[Saved data entries]
= Beginning of Section =

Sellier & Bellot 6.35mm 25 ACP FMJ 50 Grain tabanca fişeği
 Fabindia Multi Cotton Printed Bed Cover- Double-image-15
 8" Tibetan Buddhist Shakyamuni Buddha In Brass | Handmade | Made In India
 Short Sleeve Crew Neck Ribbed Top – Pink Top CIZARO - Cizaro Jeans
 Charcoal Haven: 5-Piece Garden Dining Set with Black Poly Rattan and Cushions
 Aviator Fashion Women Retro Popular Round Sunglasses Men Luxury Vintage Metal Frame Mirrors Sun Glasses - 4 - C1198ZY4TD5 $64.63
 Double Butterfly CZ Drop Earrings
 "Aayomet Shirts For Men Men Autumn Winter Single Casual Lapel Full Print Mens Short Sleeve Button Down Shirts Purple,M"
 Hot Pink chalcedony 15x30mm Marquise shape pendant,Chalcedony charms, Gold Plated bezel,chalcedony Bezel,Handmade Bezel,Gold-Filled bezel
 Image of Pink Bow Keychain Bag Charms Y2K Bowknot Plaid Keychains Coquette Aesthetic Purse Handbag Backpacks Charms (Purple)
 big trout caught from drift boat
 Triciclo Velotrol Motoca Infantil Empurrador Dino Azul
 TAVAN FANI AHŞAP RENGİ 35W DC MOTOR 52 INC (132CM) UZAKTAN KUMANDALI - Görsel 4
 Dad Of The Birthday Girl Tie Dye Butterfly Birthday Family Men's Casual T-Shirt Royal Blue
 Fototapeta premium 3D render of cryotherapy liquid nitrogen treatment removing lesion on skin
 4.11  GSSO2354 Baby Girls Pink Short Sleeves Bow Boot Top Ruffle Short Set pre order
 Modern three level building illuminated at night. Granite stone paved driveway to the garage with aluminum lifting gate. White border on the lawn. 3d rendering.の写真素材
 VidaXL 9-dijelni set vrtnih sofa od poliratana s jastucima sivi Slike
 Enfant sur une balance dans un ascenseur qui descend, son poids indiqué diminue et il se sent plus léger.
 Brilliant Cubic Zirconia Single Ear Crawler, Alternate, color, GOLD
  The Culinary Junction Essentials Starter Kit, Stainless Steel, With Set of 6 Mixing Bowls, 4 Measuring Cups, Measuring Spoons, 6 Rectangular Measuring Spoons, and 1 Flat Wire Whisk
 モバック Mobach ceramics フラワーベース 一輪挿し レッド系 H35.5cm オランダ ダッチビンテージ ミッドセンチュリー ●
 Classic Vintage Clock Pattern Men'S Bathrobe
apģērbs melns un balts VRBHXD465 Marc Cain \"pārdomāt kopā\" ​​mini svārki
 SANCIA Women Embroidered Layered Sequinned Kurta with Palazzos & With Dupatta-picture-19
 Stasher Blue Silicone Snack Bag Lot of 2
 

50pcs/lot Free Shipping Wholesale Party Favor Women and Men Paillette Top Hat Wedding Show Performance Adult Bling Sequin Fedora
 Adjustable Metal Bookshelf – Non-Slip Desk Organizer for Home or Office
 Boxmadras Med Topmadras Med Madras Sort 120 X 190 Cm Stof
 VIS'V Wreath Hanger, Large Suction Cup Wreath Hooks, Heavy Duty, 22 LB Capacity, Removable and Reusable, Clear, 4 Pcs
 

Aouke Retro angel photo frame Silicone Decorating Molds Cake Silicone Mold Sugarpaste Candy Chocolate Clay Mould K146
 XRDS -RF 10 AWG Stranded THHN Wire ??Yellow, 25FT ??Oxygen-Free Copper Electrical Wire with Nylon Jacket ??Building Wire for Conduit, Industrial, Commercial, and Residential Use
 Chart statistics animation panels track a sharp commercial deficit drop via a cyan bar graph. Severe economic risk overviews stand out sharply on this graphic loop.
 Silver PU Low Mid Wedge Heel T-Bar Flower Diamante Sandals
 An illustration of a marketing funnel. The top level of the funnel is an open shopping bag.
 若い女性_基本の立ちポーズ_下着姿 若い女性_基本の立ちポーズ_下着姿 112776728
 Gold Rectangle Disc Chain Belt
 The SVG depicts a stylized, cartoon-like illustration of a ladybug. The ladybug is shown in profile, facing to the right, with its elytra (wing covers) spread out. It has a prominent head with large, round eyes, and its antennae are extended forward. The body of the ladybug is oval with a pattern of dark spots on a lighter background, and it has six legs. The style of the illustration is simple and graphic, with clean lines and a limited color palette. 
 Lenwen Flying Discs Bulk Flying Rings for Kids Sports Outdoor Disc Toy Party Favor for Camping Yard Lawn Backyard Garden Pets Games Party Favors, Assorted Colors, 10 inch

= End of Section =

WORK TO COMPLETE — Of all the entries above, output exactly the lines between the one holding "モバック Mobach ceramics" and the one holding "Gold Rectangle Disc Chain Belt", inclusive.

RESULT OF THIS EXERCISE —
 モバック Mobach ceramics フラワーベース 一輪挿し レッド系 H35.5cm オランダ ダッチビンテージ ミッドセンチュリー ●
 Classic Vintage Clock Pattern Men'S Bathrobe
apģērbs melns un balts VRBHXD465 Marc Cain \"pārdomāt kopā\" ​​mini svārki
 SANCIA Women Embroidered Layered Sequinned Kurta with Palazzos & With Dupatta-picture-19
 Stasher Blue Silicone Snack Bag Lot of 2
 

50pcs/lot Free Shipping Wholesale Party Favor Women and Men Paillette Top Hat Wedding Show Performance Adult Bling Sequin Fedora
 Adjustable Metal Bookshelf – Non-Slip Desk Organizer for Home or Office
 Boxmadras Med Topmadras Med Madras Sort 120 X 190 Cm Stof
 VIS'V Wreath Hanger, Large Suction Cup Wreath Hooks, Heavy Duty, 22 LB Capacity, Removable and Reusable, Clear, 4 Pcs
 

Aouke Retro angel photo frame Silicone Decorating Molds Cake Silicone Mold Sugarpaste Candy Chocolate Clay Mould K146
 XRDS -RF 10 AWG Stranded THHN Wire ??Yellow, 25FT ??Oxygen-Free Copper Electrical Wire with Nylon Jacket ??Building Wire for Conduit, Industrial, Commercial, and Residential Use
 Chart statistics animation panels track a sharp commercial deficit drop via a cyan bar graph. Severe economic risk overviews stand out sharply on this graphic loop.
 Silver PU Low Mid Wedge Heel T-Bar Flower Diamante Sandals
 An illustration of a marketing funnel. The top level of the funnel is an open shopping bag.
 若い女性_基本の立ちポーズ_下着姿 若い女性_基本の立ちポーズ_下着姿 112776728
 Gold Rectangle Disc Chain Belt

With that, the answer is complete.